Livingston, Montana – Our Home
Re-capturing ones youthful adventures is near impossible these days with the rapid advance of technology and the growth of mega-cities. Growing up in the 1940’s and 50’s in small towns which serviced the surrounding ranches or farms or orchards or mines was a real hoot.
Montana still has the flavor of those “ole” days, what with ranches, farms, small “vintage” towns and abandoned mining towns. Lots of historic legends of “vigilantes”, famous “trail breakers”, not to mention the early forts built during the settling of Montana and really bad men and some bad women.
Small towns still have 4H and hold rodeo’s, it is not unusual, when strolling down the sidewalk to encounter several cowboys or cowgirls sporting large silver belt buckles won in rodeo events.
The 4th of July parades are usually populated with farm tractors pulling decorated hay wagons, there are vintage cars, mule teams pulling wagons used during the early days for farming or ranching or freight hauling. Along with clowns, school bands and drill teams to round out the festivities.
The Montana Territory was created in May of 1864.
Early on, before the creation of the Montana Territory, in the 1860’s, Bannack and Virginia City, now in Montana, used to be in Idaho Territory. It was here that a Minor’s Court was established to handle small disputes, but it could not handle major crimes like murder and robbery.
After the release of some murderers, possibly due to their popularity, a group of the local residents formed The Vigilantes of Montana and soon started hanging offenders. This was all done in secrecy, the group that is, but the hangings were public. There is a building in Virginia City where 5 or 6 were hanged at once.
Virginia City and Nevada City are very interesting places for a visit, especially Nevada City thanks to to Charles and Sue Bovey who had been collecting Montana relics since the 1940’s and storing them at that location.
Virginia City old store fronts on the main drag – last time we were there, we dined at a local restaurant at the end of this block. There are still people living here.
I bet this old auto could tell some interesting Virginia City and/or Nevada City tales. Nevada City is only a few miles down the road.
I am told that when the mining petered out and the population moved to other areas, the store owners simply left town and all of their goods behind. Wish we could have gotten into this store.
Exploring old mining towns is one of our favorite past times – Bannack is one of those early mining towns, now a State Park. Bannack was briefly the Montana Territory Capitol.
From what I have read, The Vigilantes of Montana were popular in Bannack as their reputation spread throughout the Territory.

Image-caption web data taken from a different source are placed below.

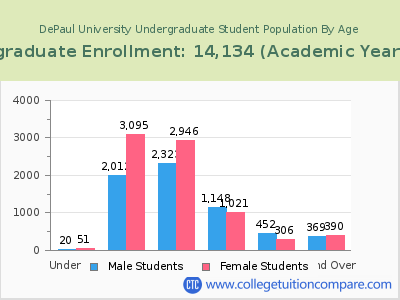 DePaul University 2023 Undergraduate Enrollment by Age chart
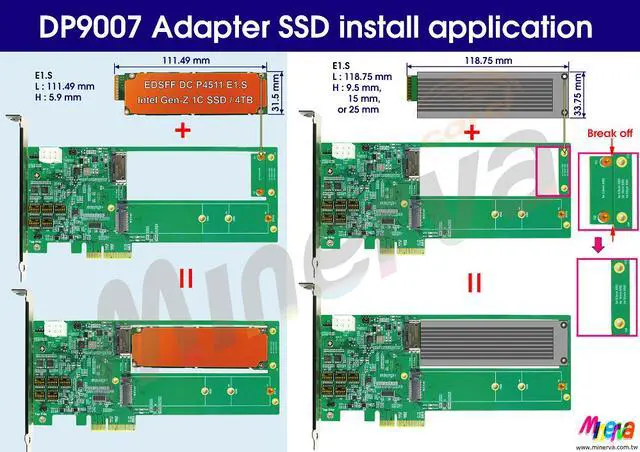 Alt view image 4 of 5 - PCIe x4 Gen 4 with ReDriver to M.2 NVMe SSD & EDSFF 1C SSD AIC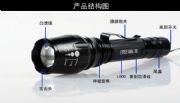 cree t6XϽͲ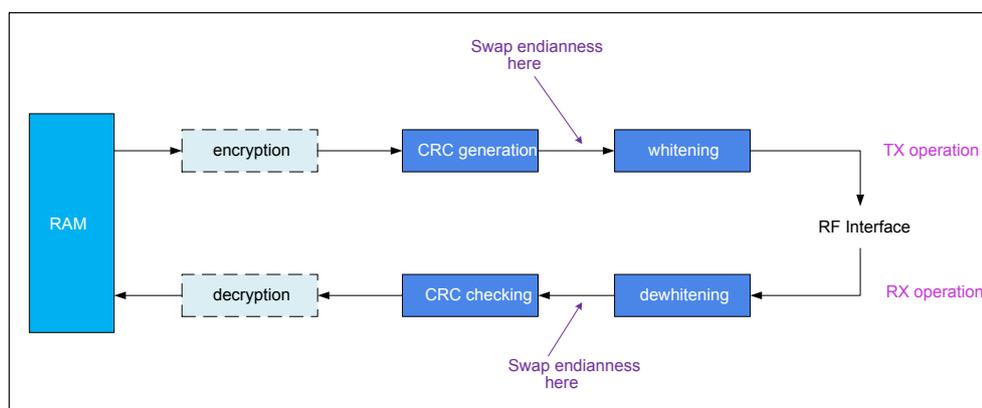 Figure 209. MSBFirst feature principle overview diagram. The diagram shows two data paths: TX (top) and RX (bottom). The TX path consists of RAM -> encryption -> CRC generation -> whitening -> RF Interface -> TX operation. The RX path consists of RF Interface -> RX operation -> dewhitenning -> CRC checking -> decryption -> RAM. Annotations indicate 'Swap endianness here' at the CRC generation and CRC checking stages.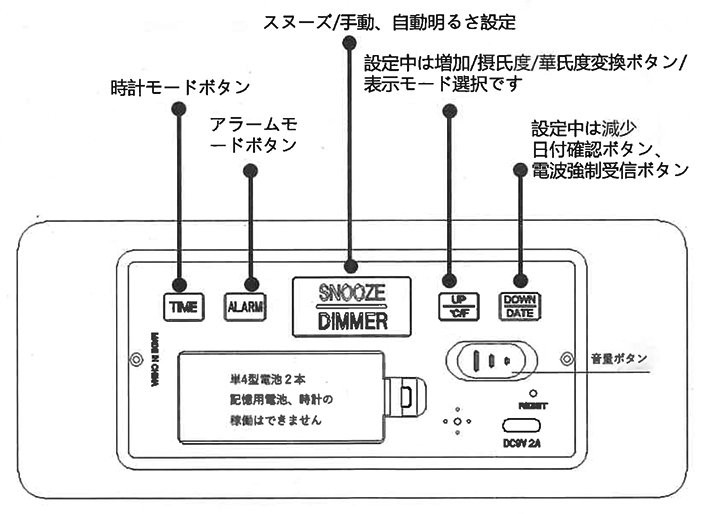 置時計のマニュアルの各部の説明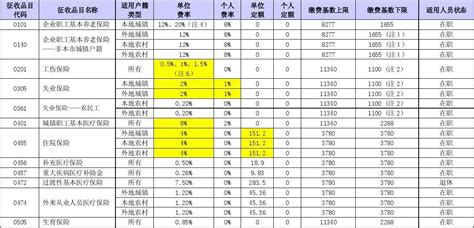 北京市2018年社保基数及各险种缴费明细一览表_真社宝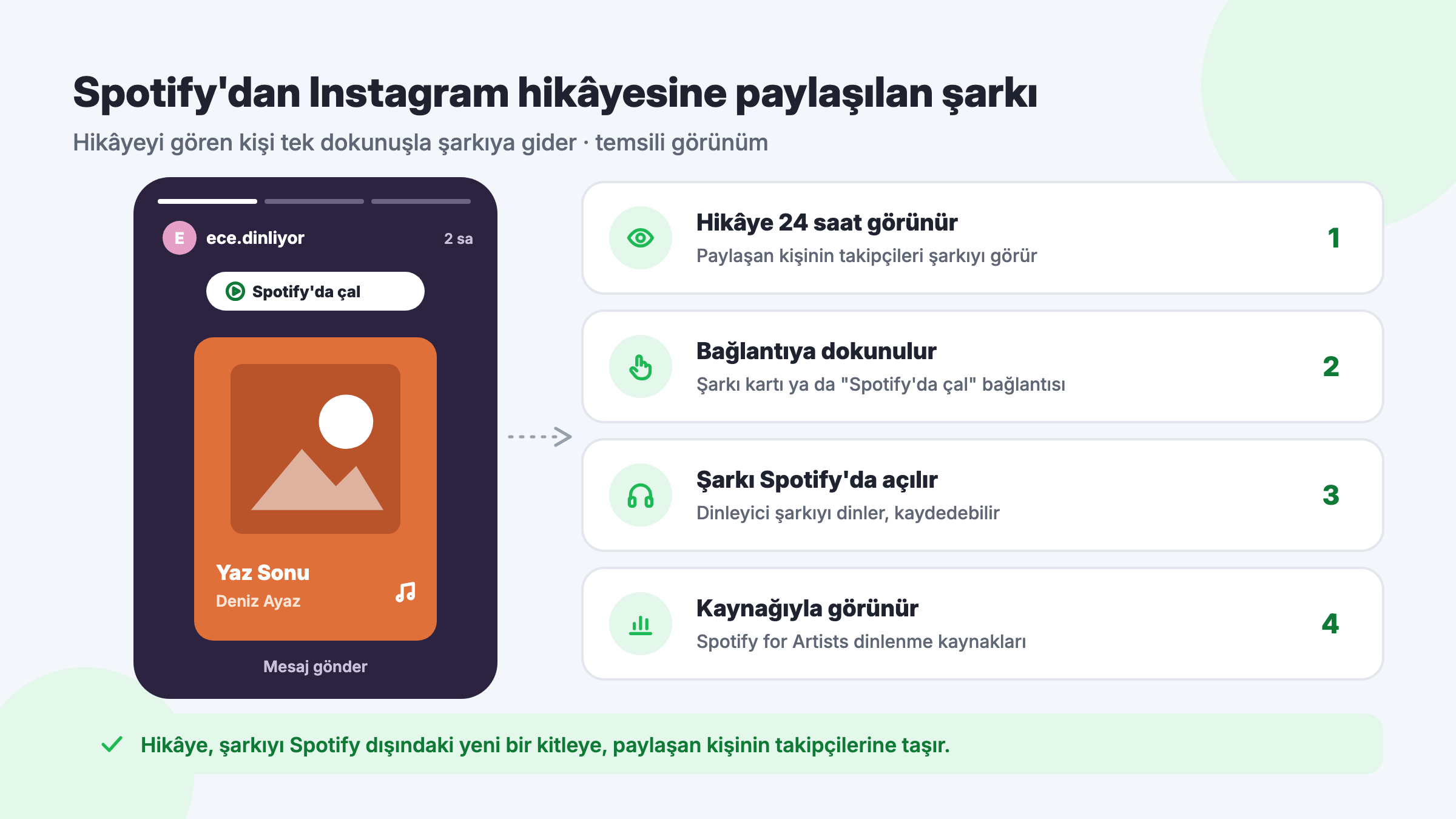 Spotify'dan Instagram hikâyesine paylaşılan şarkı kartı, "Spotify'da çal" bağlantısı ve hikâyeden Spotify'a giden dinleyici akışı (temsili)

Here is an old church located in Bannack – some of these buildings are still safe enough to enter and walk around in.
Many of the minors, back in the day, would dig into the side of a hill to use as a winter shelter. Above is one such cave entrance.
There were several real nice hotels in Bannck, you can tell the quality of this one by the condition of the interior in the picture above.
Anaconda, Montana, a town founded to smelter copper ore from the mines in Butte, Montana. If you ever find any early pictures of Butte, smoke was so bad that it was affecting the health of the residents.
Anaconda was given birth in the latter part of 1880’s.
Anaconda has the tallest smokestack in Montana, really tall.
We went to yard sales in Anaconda several years ago – it is a real nice little town with vintage structures.
Old cemetery’s are very interesting to explore, while in Anaconda, we paid a visit to the old cemetery, across the way a new cemetery was working.